Judge Josephine Staton Tucker
California courts are split on the issue of whether US Supreme Court precedent invalidates evidence typically provided by red light cameras. The Court of Appeal, number-two in state's the judicial hierarchy, issued a pair of rulings within a few weeks coming to contradictory conclusions on this question (view case). On Wednesday, US District Judge Josephine Staton Tucker issued the standard order laying down the rules for an upcoming court battle on this issue between motorist Michael Curran and the city of Victorville along with Redflex Traffic Systems (RTS).

Curran filed a class action suit after receiving a citation in the mail that, he argued, violated the Confrontation Clause principles upheld in the 2009 US Supreme Court case Melendez-Diaz v. Massachusetts (view case).

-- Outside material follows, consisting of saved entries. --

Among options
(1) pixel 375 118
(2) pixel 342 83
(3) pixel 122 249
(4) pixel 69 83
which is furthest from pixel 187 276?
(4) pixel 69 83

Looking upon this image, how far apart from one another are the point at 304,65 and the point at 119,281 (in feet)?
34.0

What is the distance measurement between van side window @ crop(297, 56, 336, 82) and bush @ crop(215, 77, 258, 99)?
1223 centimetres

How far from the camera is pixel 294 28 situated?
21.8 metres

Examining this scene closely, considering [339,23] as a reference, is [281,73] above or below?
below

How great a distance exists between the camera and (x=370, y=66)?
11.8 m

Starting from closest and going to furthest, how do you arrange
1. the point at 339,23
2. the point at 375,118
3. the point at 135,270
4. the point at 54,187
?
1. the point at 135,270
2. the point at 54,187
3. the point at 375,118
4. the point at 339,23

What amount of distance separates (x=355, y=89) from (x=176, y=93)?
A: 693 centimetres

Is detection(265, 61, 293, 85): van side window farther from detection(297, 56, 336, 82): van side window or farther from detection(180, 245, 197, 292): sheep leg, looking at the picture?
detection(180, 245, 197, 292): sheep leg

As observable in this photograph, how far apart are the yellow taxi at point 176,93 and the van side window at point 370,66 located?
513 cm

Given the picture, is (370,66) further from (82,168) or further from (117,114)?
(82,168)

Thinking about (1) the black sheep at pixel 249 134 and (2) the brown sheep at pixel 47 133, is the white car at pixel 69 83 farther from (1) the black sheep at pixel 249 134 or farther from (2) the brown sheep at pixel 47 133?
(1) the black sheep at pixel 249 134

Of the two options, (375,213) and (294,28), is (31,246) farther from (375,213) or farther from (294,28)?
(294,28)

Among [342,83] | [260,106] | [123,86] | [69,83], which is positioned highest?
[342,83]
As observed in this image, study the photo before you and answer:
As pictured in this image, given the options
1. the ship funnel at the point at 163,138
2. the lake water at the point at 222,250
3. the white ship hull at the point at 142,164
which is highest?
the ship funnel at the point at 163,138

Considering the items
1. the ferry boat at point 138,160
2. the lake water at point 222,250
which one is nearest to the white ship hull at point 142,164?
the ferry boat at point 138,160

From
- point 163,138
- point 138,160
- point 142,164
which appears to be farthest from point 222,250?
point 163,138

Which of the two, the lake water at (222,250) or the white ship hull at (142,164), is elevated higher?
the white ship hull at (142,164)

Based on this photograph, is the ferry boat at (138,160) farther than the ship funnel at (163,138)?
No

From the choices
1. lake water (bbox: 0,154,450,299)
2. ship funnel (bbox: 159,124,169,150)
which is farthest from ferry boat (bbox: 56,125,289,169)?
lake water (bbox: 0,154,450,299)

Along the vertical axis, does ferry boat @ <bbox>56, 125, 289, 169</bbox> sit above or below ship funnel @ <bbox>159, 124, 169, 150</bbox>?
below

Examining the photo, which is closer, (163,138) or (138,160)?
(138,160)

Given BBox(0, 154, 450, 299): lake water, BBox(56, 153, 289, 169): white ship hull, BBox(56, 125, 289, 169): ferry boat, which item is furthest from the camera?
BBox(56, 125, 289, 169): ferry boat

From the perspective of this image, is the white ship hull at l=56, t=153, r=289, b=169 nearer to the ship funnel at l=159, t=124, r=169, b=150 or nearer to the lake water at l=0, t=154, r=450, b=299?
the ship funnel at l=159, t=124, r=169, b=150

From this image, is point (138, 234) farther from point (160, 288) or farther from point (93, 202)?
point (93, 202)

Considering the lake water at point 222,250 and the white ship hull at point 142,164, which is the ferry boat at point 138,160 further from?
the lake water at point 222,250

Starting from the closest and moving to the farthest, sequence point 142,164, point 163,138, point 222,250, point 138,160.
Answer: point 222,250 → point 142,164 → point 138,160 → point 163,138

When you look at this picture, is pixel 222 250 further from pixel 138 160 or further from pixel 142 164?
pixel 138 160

"Plaintiff received his citation after a RTS computer signed the name of an officer (Barbara Hill) to an RTS computer generated 'Notice of Traffic Violation' despite the fact that Officer Barbara Hill did not contemporaneously observe the alleged infraction in California nor on an Arizona computer screen, and caused it to be sent out with a RTS computer-generated proof of service, signed by a RTS computer operator and likely mailed by another RTS bulk mailer-type computer on or about October 4, 2011," Curran's attorney, Robert D. Conaway, wrote wrote in court filings.

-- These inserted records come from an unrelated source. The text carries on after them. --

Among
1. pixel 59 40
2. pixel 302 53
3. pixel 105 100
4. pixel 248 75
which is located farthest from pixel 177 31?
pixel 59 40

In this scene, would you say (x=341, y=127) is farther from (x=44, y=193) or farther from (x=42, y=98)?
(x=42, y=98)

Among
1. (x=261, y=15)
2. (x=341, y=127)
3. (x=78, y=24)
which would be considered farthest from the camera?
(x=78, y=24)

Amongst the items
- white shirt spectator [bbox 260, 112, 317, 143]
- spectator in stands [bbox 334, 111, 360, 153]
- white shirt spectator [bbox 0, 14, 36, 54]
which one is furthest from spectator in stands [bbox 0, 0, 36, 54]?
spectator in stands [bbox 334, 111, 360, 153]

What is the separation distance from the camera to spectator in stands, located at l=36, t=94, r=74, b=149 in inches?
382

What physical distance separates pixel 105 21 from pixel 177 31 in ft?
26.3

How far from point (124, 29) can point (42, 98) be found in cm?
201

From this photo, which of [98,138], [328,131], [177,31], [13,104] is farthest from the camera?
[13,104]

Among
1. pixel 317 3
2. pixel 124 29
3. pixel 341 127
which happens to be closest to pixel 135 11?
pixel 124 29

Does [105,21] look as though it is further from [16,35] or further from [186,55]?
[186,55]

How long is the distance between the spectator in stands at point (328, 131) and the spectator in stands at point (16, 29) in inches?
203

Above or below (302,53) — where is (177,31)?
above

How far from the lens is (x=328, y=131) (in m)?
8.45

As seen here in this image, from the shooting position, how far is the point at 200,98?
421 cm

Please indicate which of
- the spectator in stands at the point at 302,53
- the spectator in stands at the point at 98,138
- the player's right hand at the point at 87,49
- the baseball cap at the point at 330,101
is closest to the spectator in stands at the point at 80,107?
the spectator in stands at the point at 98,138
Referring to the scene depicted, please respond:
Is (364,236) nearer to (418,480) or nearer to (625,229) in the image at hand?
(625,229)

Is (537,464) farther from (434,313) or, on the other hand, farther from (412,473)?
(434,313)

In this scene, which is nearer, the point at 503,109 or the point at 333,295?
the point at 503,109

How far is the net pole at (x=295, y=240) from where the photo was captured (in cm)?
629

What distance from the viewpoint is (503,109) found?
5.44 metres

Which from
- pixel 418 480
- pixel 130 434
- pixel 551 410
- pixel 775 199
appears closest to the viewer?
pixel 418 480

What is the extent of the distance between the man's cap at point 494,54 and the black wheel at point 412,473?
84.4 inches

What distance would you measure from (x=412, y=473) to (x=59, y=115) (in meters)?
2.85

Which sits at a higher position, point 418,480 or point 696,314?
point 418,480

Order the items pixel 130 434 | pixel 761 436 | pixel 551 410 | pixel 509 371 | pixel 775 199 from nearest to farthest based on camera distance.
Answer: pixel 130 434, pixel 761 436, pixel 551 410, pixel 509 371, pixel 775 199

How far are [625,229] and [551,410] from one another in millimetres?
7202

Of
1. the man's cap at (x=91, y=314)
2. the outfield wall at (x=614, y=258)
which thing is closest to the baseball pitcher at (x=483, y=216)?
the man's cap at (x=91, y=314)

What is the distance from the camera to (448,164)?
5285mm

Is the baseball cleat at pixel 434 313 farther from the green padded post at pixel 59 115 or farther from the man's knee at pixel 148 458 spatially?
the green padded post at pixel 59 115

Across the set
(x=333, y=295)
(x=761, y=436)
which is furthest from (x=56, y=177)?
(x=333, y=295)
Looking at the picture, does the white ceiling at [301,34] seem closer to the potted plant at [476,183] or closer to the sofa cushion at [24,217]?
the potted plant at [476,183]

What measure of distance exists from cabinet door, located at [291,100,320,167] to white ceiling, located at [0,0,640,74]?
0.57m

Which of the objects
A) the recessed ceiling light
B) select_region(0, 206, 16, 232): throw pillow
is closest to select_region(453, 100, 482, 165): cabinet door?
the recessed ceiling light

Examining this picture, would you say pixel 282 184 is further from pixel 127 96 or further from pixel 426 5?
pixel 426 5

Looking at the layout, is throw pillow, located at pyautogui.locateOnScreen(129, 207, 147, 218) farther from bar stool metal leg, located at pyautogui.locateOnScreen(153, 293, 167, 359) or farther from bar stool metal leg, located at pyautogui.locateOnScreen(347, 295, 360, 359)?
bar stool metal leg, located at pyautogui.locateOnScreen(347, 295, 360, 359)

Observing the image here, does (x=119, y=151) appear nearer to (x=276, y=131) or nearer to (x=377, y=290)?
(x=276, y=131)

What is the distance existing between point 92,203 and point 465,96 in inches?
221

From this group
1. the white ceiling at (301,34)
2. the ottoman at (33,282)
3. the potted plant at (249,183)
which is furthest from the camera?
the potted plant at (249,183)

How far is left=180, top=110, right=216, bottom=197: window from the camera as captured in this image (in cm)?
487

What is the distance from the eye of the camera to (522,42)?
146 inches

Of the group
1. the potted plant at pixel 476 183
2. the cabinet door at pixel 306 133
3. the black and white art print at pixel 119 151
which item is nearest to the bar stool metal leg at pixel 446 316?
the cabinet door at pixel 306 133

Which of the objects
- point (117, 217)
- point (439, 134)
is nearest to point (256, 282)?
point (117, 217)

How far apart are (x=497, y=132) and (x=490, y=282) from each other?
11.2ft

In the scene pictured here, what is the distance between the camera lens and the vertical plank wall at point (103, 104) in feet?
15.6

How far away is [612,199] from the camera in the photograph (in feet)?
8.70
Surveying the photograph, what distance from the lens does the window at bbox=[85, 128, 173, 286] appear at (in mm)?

The Supreme Court ruled that the actual individuals who generated scientific evidence must be present to testify at trial. On this basis, Curran in December gave notice of his intention to file the suit in San Bernardino County Superior Court. Redflex believed it would have a better shot by transferring the case to a federal jurisdiction where judges have been more sympathetic to photo ticketing. It did so by denying the company operates in California.

"Redflex admits that it has an office in Culver City, California, but responds that its headquarters and principal place of business are in Arizona," Redflex attorney Anna R. Buono wrote. "Redflex denies that it conducts or conducted substantial business operations in California."

In a court filing last Friday, Redflex flatly denied Curran and Conaway's allegations without getting into the substance of the issue. Curran hopes to have the case certified as a class action and seeks damages under Section 1983 of the US Code, which provides for restitution when governmental agencies act with a systemic disregard for constitutional rights.

"The city has a custom and practice of allowing the city police to present evidence and testify on matters as alleged above and incorporated herein by reference that violate the procedural due process rights of the cited citizens, despite opinions highlighting the city's police officer's failures to properly prepare to and in fact on testify without the required personal knowledge of the facts, systematically failing to contemporaneously observe any alleged infractions and the failure to lay proper foundation and authenticate photo, video and other related data allegedly gathered from RTS system," Conaway wrote.